Once the line containing "KEUNE NATURAL BALANCE COOLING SHAMPOO" is located in the records below, repeat it and all lines that follow it exactly, leaving out any picture.
::: Recorded data :::
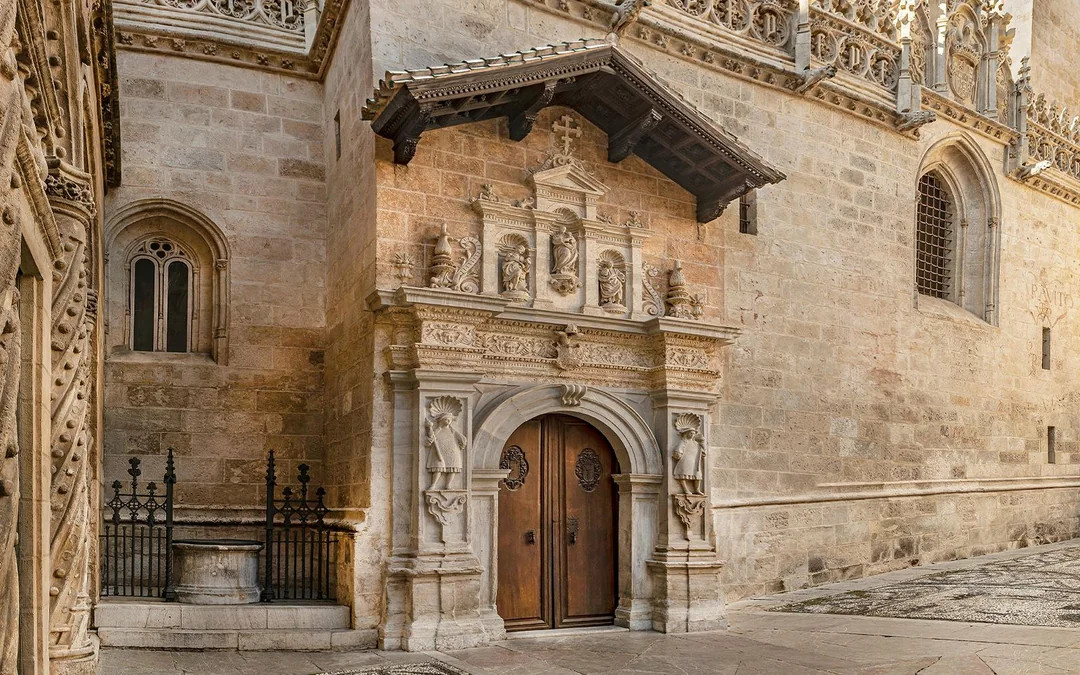 Royal Chapel of Granada Entry Tickets Image 5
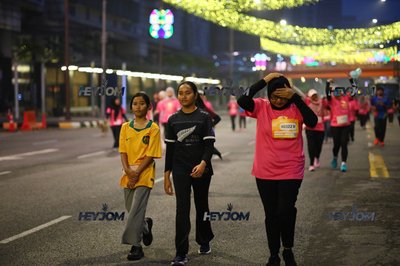 KL Women Running Festival 2026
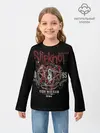 Детский лонгслив / Slipknot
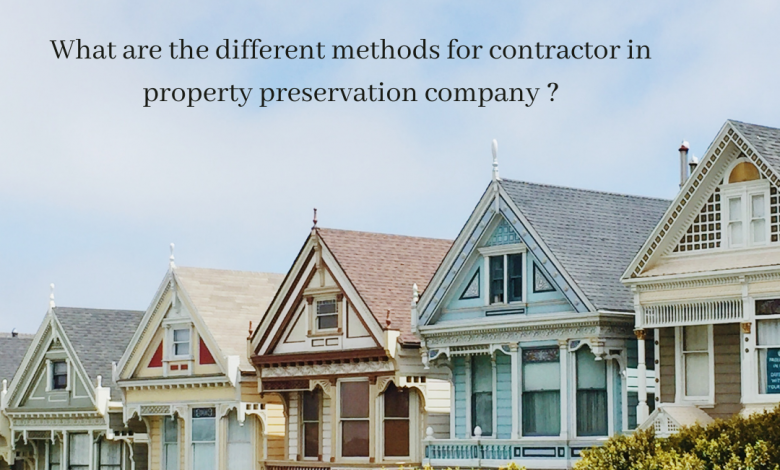 property preservation company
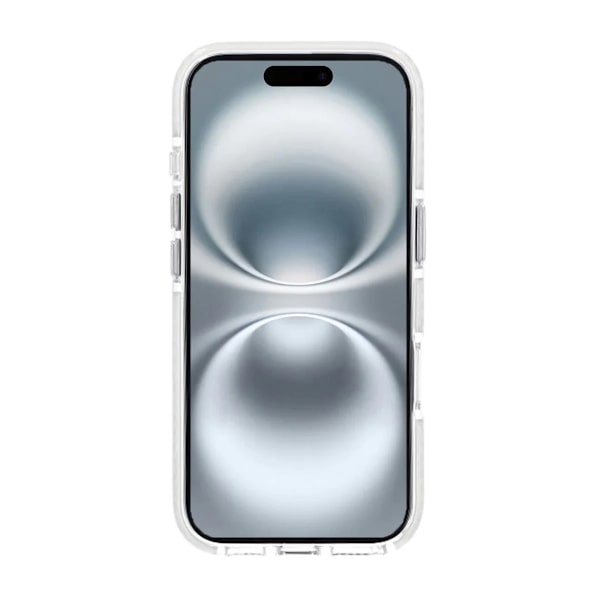 Mobile Case Magnet Double Protection for iPhone 17 Pro - White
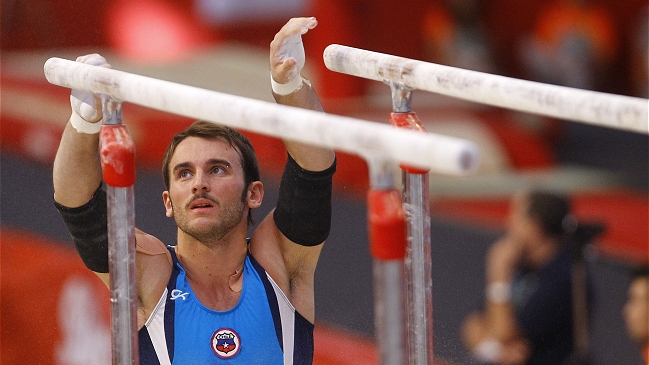 Tomás González: Estoy enfocado en aumentar el nivel de dificultad de mis rutinas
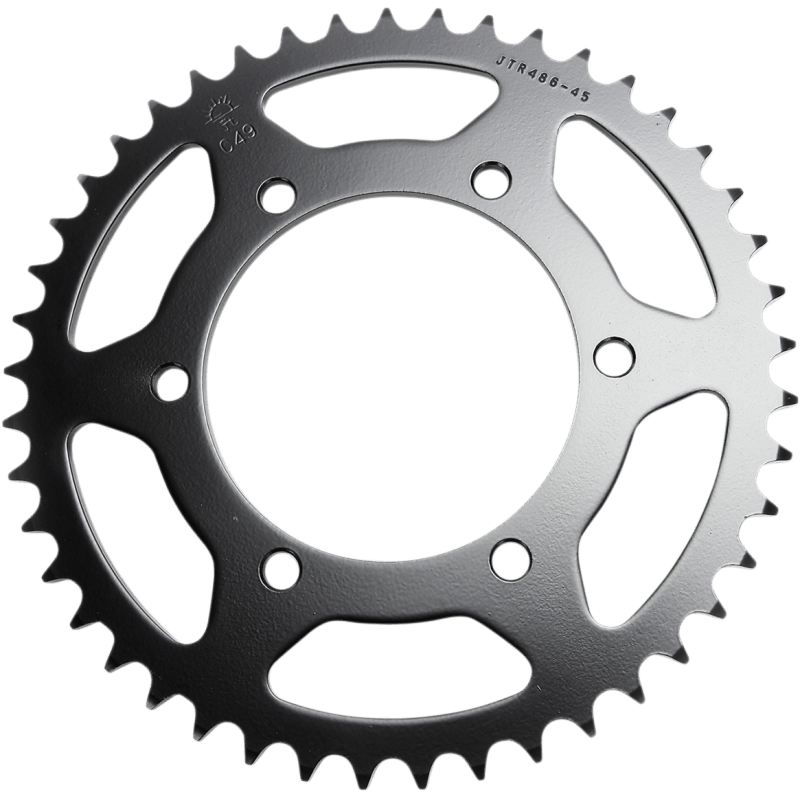 JT SPROCKETS SPROCKET REAR 520 45T (JTR486.45) - DRIVEN Canada's Powersports 824225305081JTR486.45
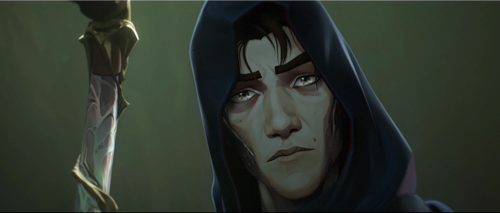 Still frame 87 from Arcane Season 2 Episode 2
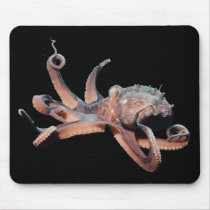 Octopus-Wild Thang mousepads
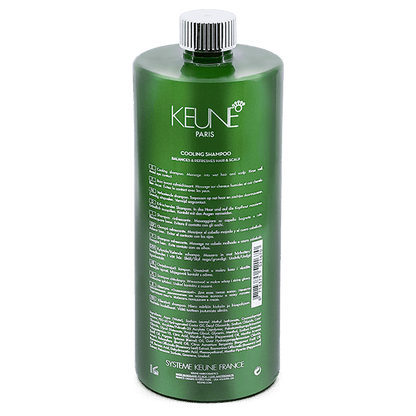 KEUNE NATURAL BALANCE COOLING SHAMPOO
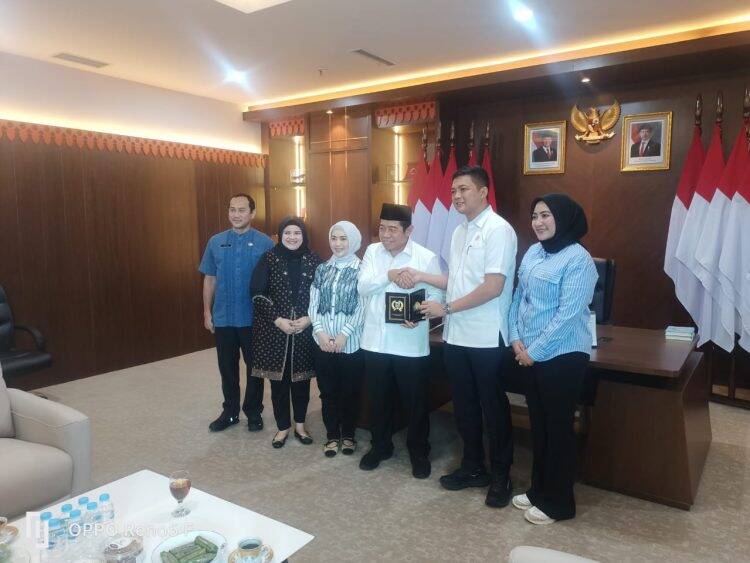 Banmus DPRD Jambi Kunker ke DPRD DKI Jakarta
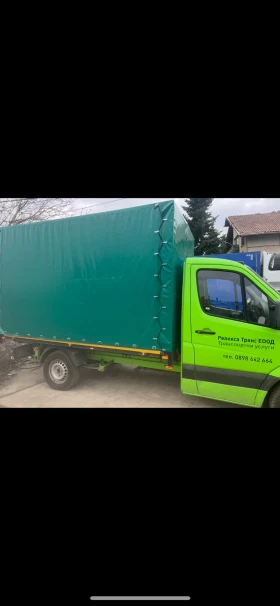Обява за продажба на Mercedes-Benz Sprinter ~24 999 лв. - изображение 3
:::
## Answer to this problem
 KEUNE NATURAL BALANCE COOLING SHAMPOO
 Banmus DPRD Jambi Kunker ke DPRD DKI Jakarta
Обява за продажба на Mercedes-Benz Sprinter ~24 999 лв. - изображение 3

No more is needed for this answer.